Regarding these results, the authors state:
‘The genuine score distribution is represented by a single bin because only a single synthetic image is available per identity. The zero-effort distribution (blue) moves toward the genuine score distribution (green). This shift indicates the identity difference is smaller than in the original dataset. However, the distance between the distributions remains large enough to discriminate between identities.’
In broad qualitative tests, the reconstruction and racial fidelity of the synthetic images were sampled. In the image below, the left-most column shows original data from MORPH; the middle column shows a standard pSp transformation; and the right-most column shows the pSp result when passed through the new system’s ancillary autoencoder:

The authors note that in these tests, the target demographics are well-preserved.
To demonstrate the extent to which the novel autoencoder can disentangle information, the authors compared the T-distributed Stochastic Neighbor Embedding (TSNE) plots from the original MORPH dataset to plots on the reconstructed synthetic data.

Here the authors note:
‘We can observe that the AE’s latent space with the applied contrastive loss is better disentangled according to possible demographics.’
Conclusion
The current drive to re-balance racially or gender-skewed datasets is interesting from the standpoint of deployment and use cases. In many instances, datasets are intended to train models aimed at one particular demographic, which could be as wide as Asian, or Chinese. In such cases, in a potential future where properly-balanced hyperscale datasets could become the norm, it may be necessary either to apply active filters for specific use-cases, or (as is a common practice) to siphon off sub-sets from the broader set.
The aforementioned controversies around facial recognition have largely centered on use cases in western urban environments, where a wide variety of races need to be considered, and where the potential for bias (and ensuing abuse) is very much a ‘local’ matter, despite the plethora of international races represented within training datasets.
Yet there are many cases where the host country for a facial recognition (or face-based) application is essentially a ‘monoculture’, and where the overwhelming majority of data in a truly international and artificially-balanced dataset would essentially be ballast; and where systems training on that data will need procedures and methodologies in order to drill down to the target demographics required.

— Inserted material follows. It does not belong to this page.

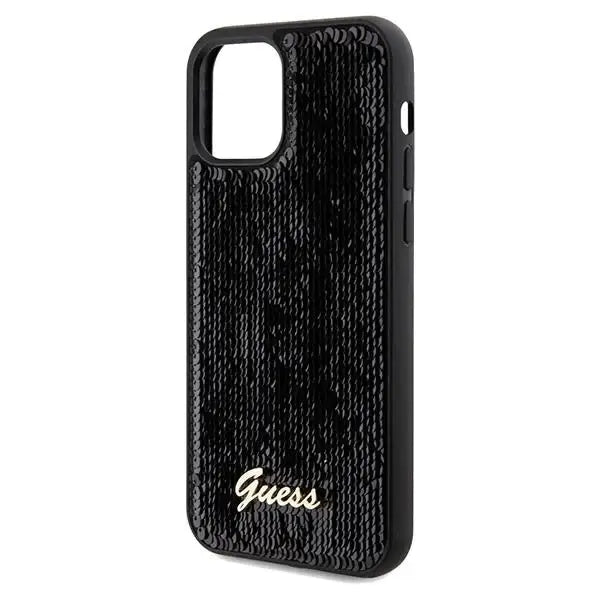 Кейс Guess Sequin Script Metal за iPhone 12/12 Pro черен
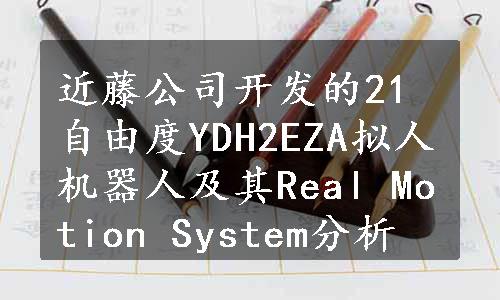 近藤公司开发的21自由度YDH2EZA拟人机器人及其Real Motion System分析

In the meantime, for use in racially-diverse cities, and in applications where gender imbalance is likely to genuinely cause incorrect results at inference time, it may indeed prove more effective to use generative systems such as this to create bespoke datasets; it’s enough to consider that the ideal demographic configuration for NYC is going to be radically different for a deployment in a minor Chinese city with minimal tourism or immigrant population.
It’s possible, therefore, that systems such as those presented in this new paper will be used not only to re-balance datasets, but to unbalance them, by intention, to accommodate local needs.